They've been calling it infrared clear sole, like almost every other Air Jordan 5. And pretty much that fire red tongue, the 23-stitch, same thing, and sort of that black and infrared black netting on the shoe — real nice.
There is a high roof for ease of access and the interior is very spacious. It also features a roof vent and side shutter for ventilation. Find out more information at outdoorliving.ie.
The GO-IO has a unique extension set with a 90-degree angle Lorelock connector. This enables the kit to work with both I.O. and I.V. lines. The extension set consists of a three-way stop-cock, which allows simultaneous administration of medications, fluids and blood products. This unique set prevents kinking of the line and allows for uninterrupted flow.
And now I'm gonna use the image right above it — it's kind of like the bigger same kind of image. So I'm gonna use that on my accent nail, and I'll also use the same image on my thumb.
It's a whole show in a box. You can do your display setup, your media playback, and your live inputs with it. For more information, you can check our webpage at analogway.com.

* * *

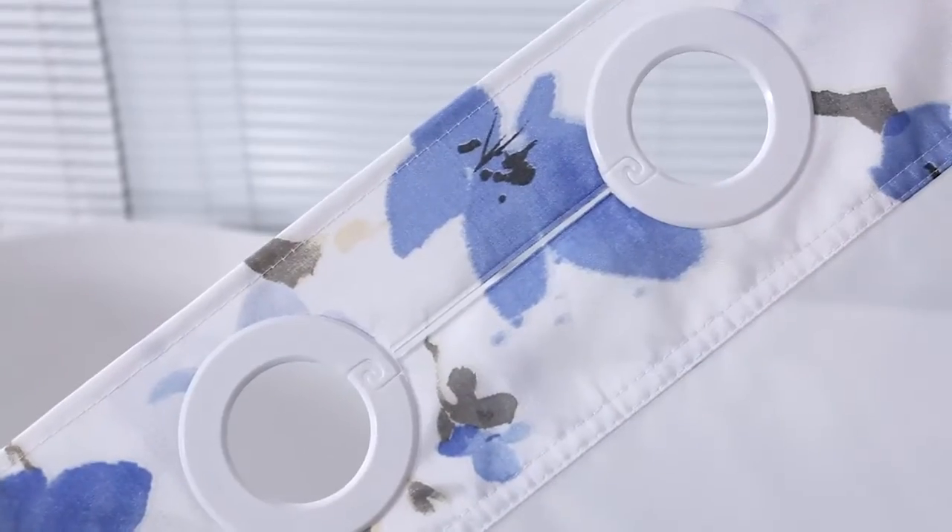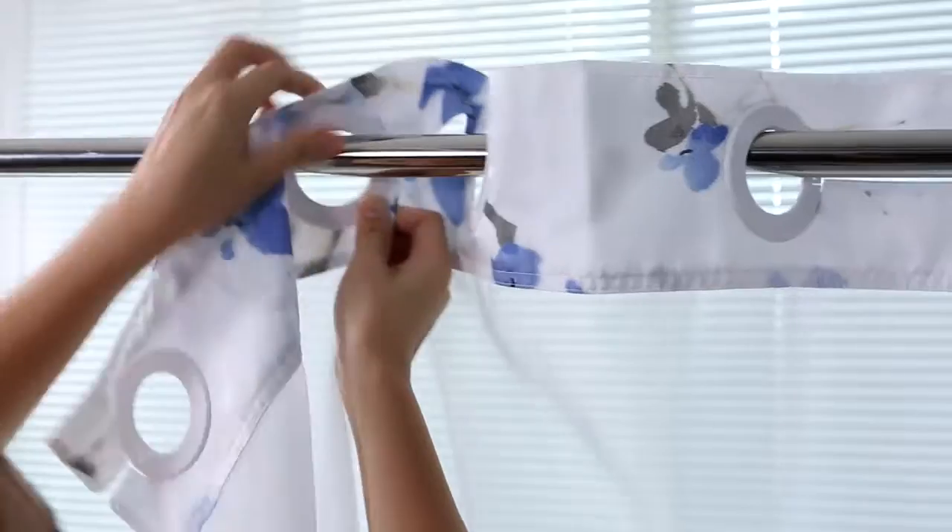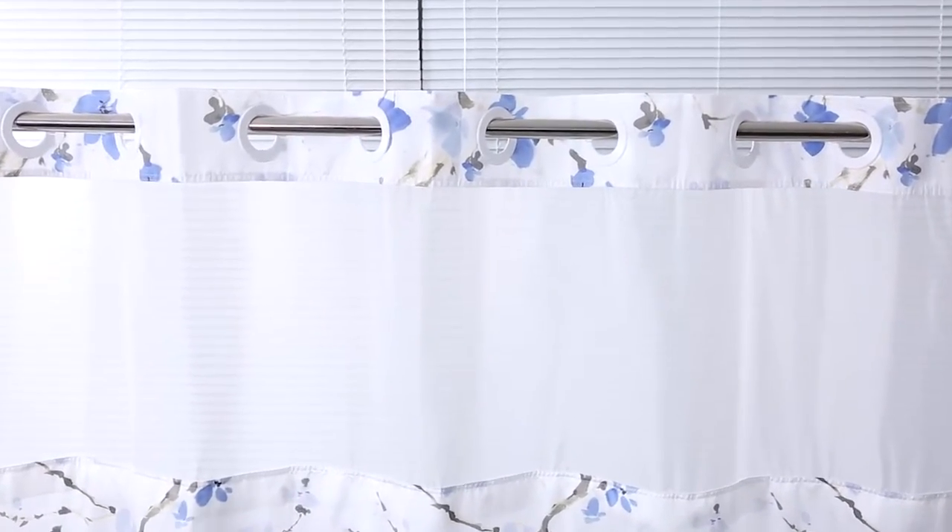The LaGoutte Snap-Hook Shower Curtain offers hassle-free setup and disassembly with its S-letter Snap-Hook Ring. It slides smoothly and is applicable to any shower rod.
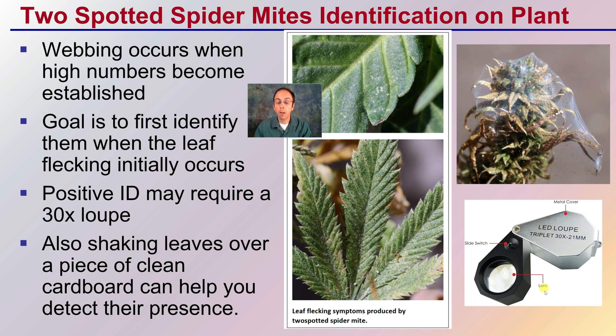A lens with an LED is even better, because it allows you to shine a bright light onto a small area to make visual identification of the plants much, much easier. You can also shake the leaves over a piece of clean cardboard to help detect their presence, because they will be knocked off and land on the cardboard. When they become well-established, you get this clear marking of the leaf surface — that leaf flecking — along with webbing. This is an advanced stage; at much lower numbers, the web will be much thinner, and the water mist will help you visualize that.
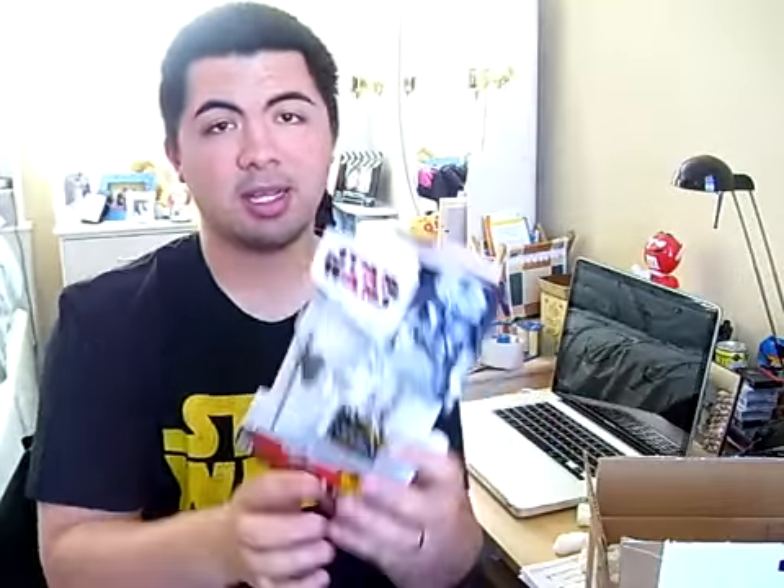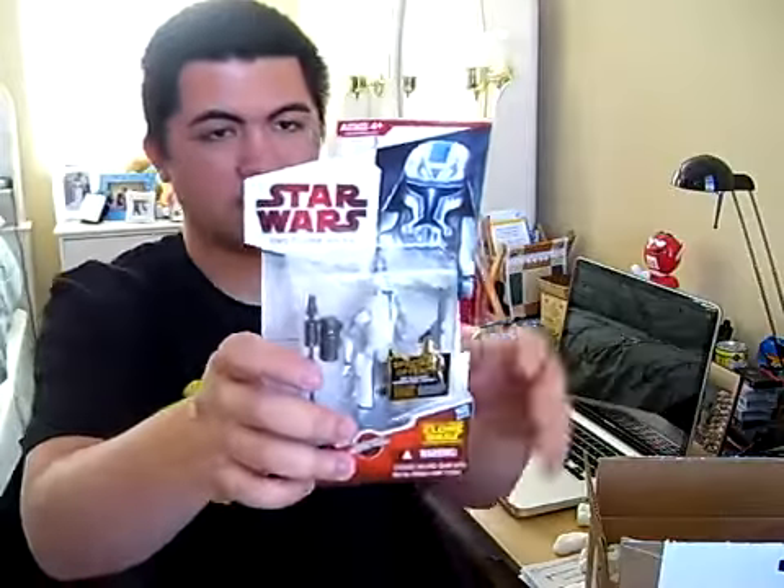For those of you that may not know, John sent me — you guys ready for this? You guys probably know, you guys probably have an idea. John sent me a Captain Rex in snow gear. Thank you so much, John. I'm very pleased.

* * *

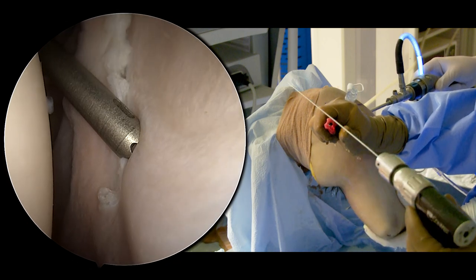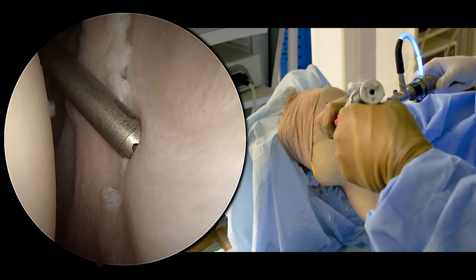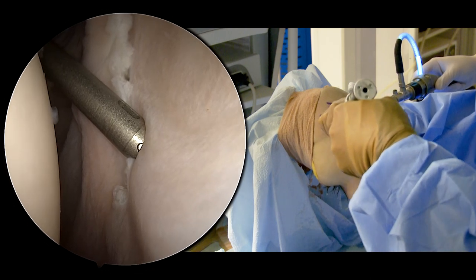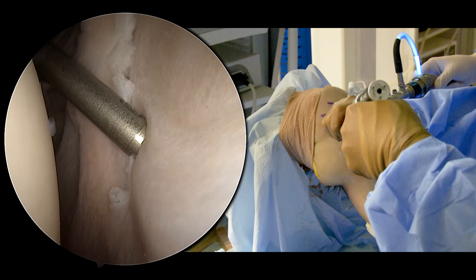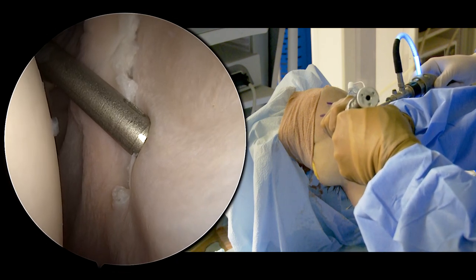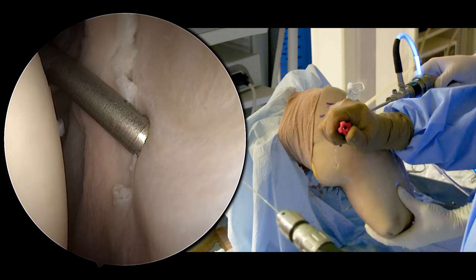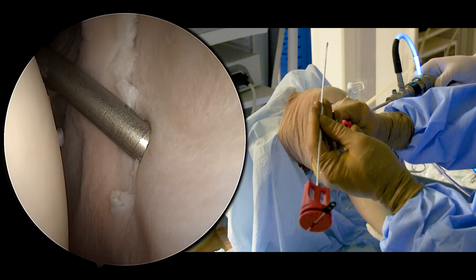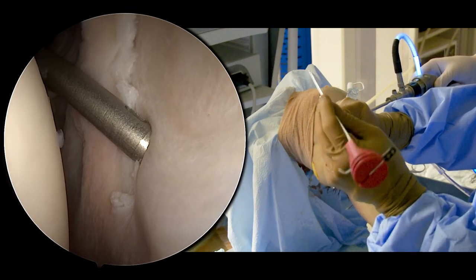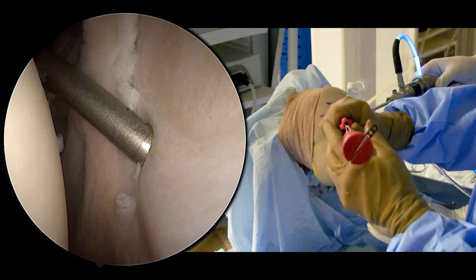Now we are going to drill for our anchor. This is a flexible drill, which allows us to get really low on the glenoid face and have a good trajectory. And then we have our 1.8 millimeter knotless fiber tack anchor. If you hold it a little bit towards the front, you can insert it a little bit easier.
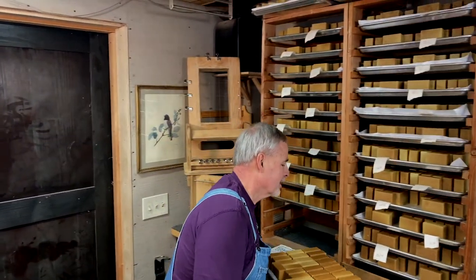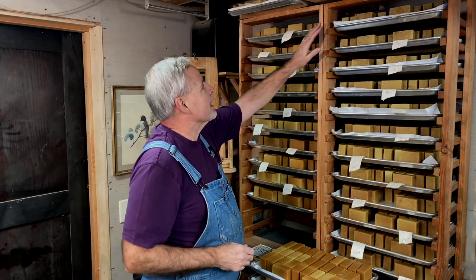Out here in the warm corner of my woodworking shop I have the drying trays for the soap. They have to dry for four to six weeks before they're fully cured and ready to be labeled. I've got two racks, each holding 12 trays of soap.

### [Work to be completed]
"The LaGoutte Snap-Hook" marks the first line to copy, and "For those of" marks the last. Repeat that stretch above exactly, with no pictures.

### [Solved problem]
The LaGoutte Snap-Hook Shower Curtain offers hassle-free setup and disassembly with its S-letter Snap-Hook Ring. It slides smoothly and is applicable to any shower rod.
A lens with an LED is even better, because it allows you to shine a bright light onto a small area to make visual identification of the plants much, much easier. You can also shake the leaves over a piece of clean cardboard to help detect their presence, because they will be knocked off and land on the cardboard. When they become well-established, you get this clear marking of the leaf surface — that leaf flecking — along with webbing. This is an advanced stage; at much lower numbers, the web will be much thinner, and the water mist will help you visualize that.
For those of you that may not know, John sent me — you guys ready for this? You guys probably know, you guys probably have an idea. John sent me a Captain Rex in snow gear. Thank you so much, John. I'm very pleased.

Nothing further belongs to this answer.